Bases: AbstractBanditDataBuffer[ActionInputType, BanditStateDict]

In-memory implementation of bandit data buffer.

Known limitations:

  • It can't handle a varying amount of actions over time.

Parameters:

Name Type Description Default
retrieval_strategy DataRetrievalStrategy

Strategy for managing training data selection.

required
max_size int | None

Optional maximum number of samples to store. None means unlimited.

None
device device | None

Device to store data on (default: CPU).

None
Source code in src/calvera/utils/data_storage.py
def __init__(
    self,
    retrieval_strategy: DataRetrievalStrategy,
    max_size: int | None = None,
    device: torch.device | None = None,
):
    """Initialize the in-memory buffer.

    Args:
        retrieval_strategy: Strategy for managing training data selection.
        max_size: Optional maximum number of samples to store. None means unlimited.
        device: Device to store data on (default: CPU).
    """
    super().__init__(retrieval_strategy)

    self.max_size = max_size
    self.device = device if device is not None else torch.device("cpu")

    self.contextualized_actions: None | torch.Tensor = None
    self.embedded_actions = torch.empty(0, 0, device=device)  # shape: (n, n_embedding_size)
    self.rewards = torch.empty(0, device=device)  # shape: (n,)
    self.chosen_actions = torch.empty(0, 0, device=device)  # shape: (n, n_actions)

ListDataBuffer(retrieval_strategy, max_size=None)

Bases: AbstractBanditDataBuffer[ActionInputType, BanditStateDict]

A list-based implementation of the bandit data buffer.

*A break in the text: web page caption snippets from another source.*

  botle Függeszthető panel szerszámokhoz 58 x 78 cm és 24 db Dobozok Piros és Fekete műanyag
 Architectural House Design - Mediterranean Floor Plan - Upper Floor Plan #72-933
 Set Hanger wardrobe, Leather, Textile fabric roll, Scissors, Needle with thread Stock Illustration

This implementation stores contextualized actions, optional embedded actions, rewards and chosen_actions in Python lists. torch.Tensors are not concatenated but stored as lists. Stores the torch.Tensors without modifying their location (device).

Parameters:

Name Type Description Default
retrieval_strategy DataRetrievalStrategy

Strategy for selecting training samples.

required
max_size int | None

Optional maximum number of samples to store.

None
Source code in src/calvera/utils/data_storage.py
def __init__(self, retrieval_strategy: DataRetrievalStrategy, max_size: int | None = None):
    """Initialize the list-based buffer.

    Args:
        retrieval_strategy: Strategy for selecting training samples.
        max_size: Optional maximum number of samples to store.
    """
    super().__init__(retrieval_strategy)
    self.max_size = max_size
    self.contextualized_actions: list[ActionInputType] = []
    self.embedded_actions: list[torch.Tensor] = []  # Can store embeddings if provided
    self.rewards: list[float] = []
    self.chosen_actions: list[torch.Tensor] = []



Strategies

DataRetrievalStrategy

Bases: Protocol

Protocol defining how training data should be managed in the buffer.

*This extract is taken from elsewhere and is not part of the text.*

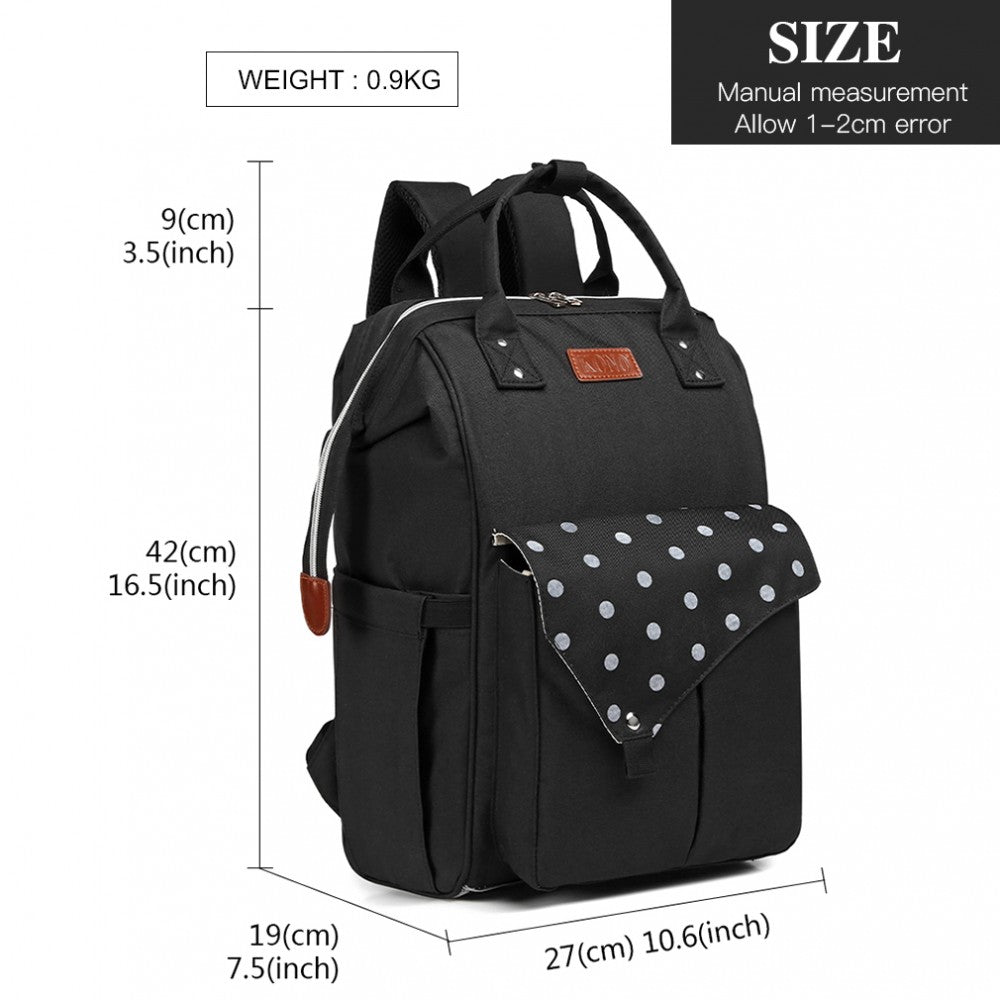 E1945 - KONO POLKA DOT MATERNITY BACKPACK BAG WITH USB CONNECTIVITY - BLACK - The Baggage Shop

This protocol represents a strategy for determining which data points from the buffer should be used during training. Different implementations can select data in various ways (e.g., all data, most recent data, etc.).

get_training_indices(total_samples)

Get indices of data points to use for training.

For the TensorDataBuffer this has to be deterministic.

Parameters:

Name Type Description Default
total_samples int

Total number of samples in the buffer.

required

Returns:

Name Type Description
Tensor

Tensor of indices to use for training.

Shape Tensor

(n_selected_samples,).

Source code in src/calvera/utils/data_storage.py
def get_training_indices(self, total_samples: int) -> torch.Tensor:
    """Get indices of data points to use for training.

    For the `TensorDataBuffer` this has to be deterministic.

    Args:
        total_samples: Total number of samples in the buffer.

    Returns:
        Tensor of indices to use for training.
        Shape: (n_selected_samples,).
    """
    ...

SlidingWindowRetrievalStrategy(window_size)

Bases: DataRetrievalStrategy

Strategy that uses only the last n data points from the buffer for training.

Parameters:

Name Type Description Default
window_size int

Number of most recent samples to use for training.

required
Source code in src/calvera/utils/data_storage.py
def __init__(self, window_size: int):
    """Initialize the sliding window strategy.

    Args:
        window_size: Number of most recent samples to use for training.
    """
    self.window_size = window_size

AllDataRetrievalStrategy

Bases: DataRetrievalStrategy

Strategy that uses all available data points in the buffer for training.